DefaultLoginModule and trust_credentials_attribute

[Yusuf Aaji <yu...@gmail.com>]

Hi,

I am trying to configure jackrabbit with ldap server and I need to use the
acl based security.

After some research, I came to a conclusion that the
trust_credentials_attribute parameter in the DefaultLoginModule is the thing
that will make me achive the integration.

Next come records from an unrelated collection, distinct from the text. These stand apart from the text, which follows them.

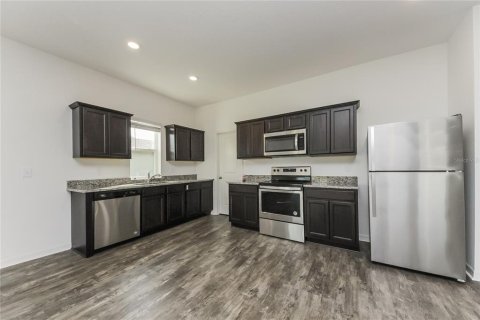 Casa en alquiler en Haines City, Florida, 3 dormitorios, 151.99 m2 № 1803998 - foto 7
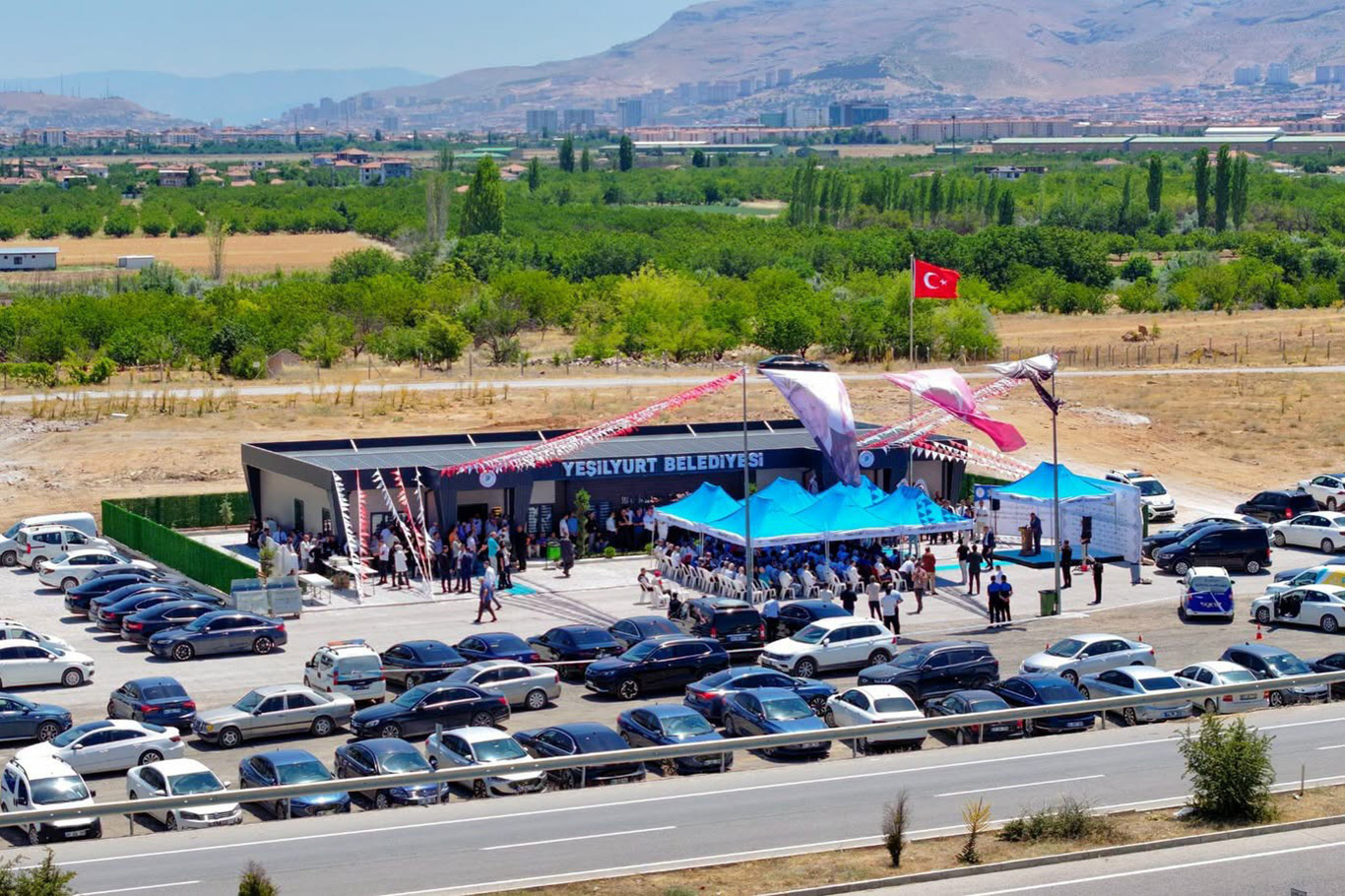 Yeşilyurt Belediyesi bir taziyeevi daha hizmete sundu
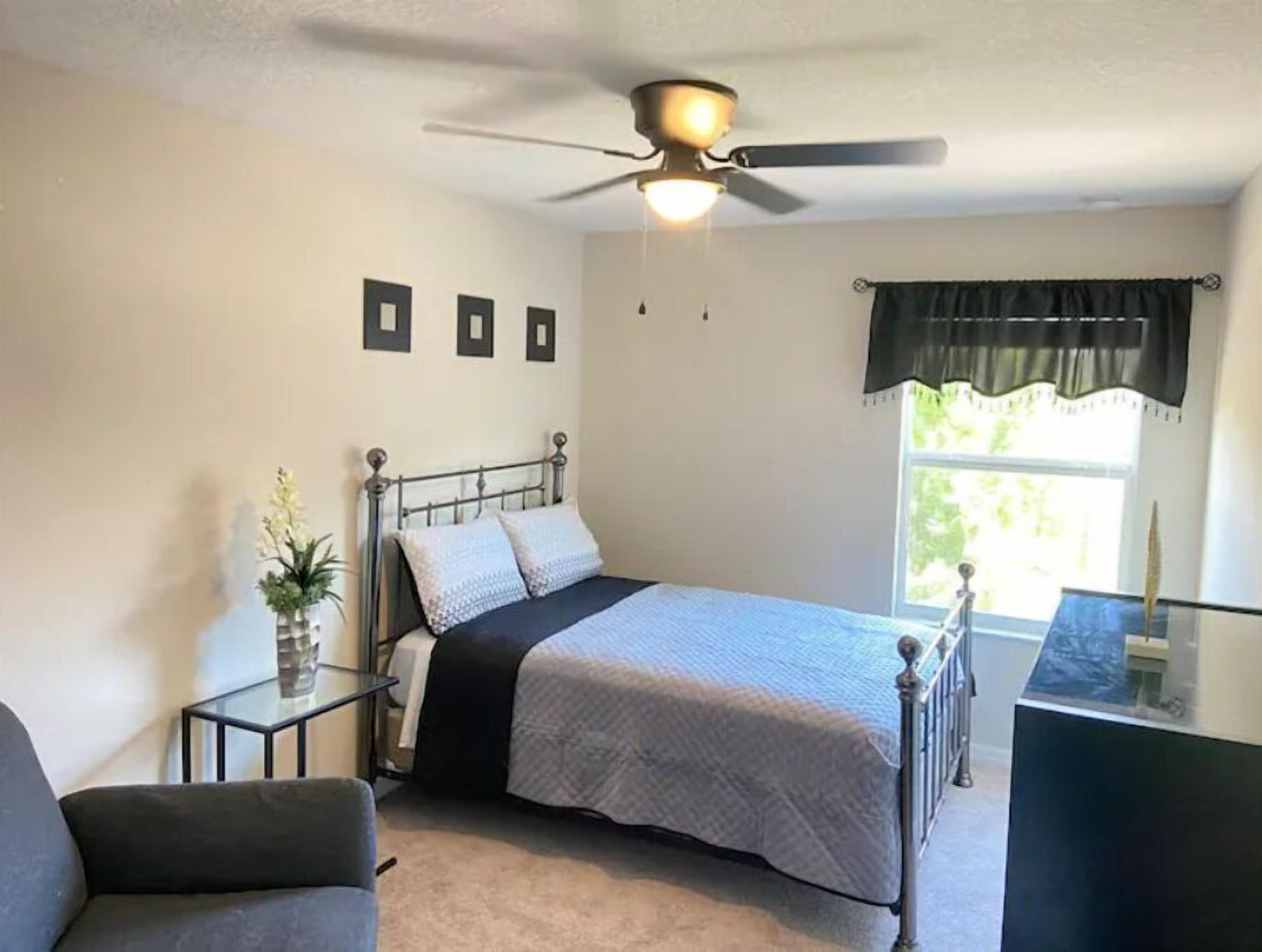 3 habitaciones, escritorio y tabla de planchar con plancha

I will handle the ldap login in my application and on successful login i
will login to the jackrabbit rep, but I don't want to maintain the user
passwords in jackrabbit so I need to allow login what ever the password is.
I think this is the purpose of trust_credentials_attribute

so I configured my repo like this:

    <Security appName="jackrabbit">

        <SecurityManager
class="org.apache.jackrabbit.core.DefaultSecurityManager"
workspaceName="wcm" />
        <AccessManager
class="org.apache.jackrabbit.core.security.DefaultAccessManager" />
        <LoginModule
class="org.apache.jackrabbit.core.security.authentication.DefaultLoginModule"
>
        <param name="anonymousId" value="anonymous"/>
        <param name="adminId" value="admin"/>
        <param name="trust_credentials_attribute" value="true"/>
        </LoginModule>

    </Security>

Now when I try to login with admin and a password different from the one
saved by jackrabbit I get login failed exception.

any ideas?!

BR,
Yusuf

Re: DefaultLoginModule and trust_credentials_attribute

[ttemprano <tt...@Toyota.com.ve>]

I'm very interested in this subject as I will be building a web app that log
users in with ldap (Windows AD)...

Any info on how to make this possible will be greatly appreciated.
-- 
View this message in context: http://jackrabbit.510166.n4.nabble.com/DefaultLoginModule-and-trust-credentials-attribute-tp3237948p3238050.html
Sent from the Jackrabbit - Users mailing list archive at Nabble.com.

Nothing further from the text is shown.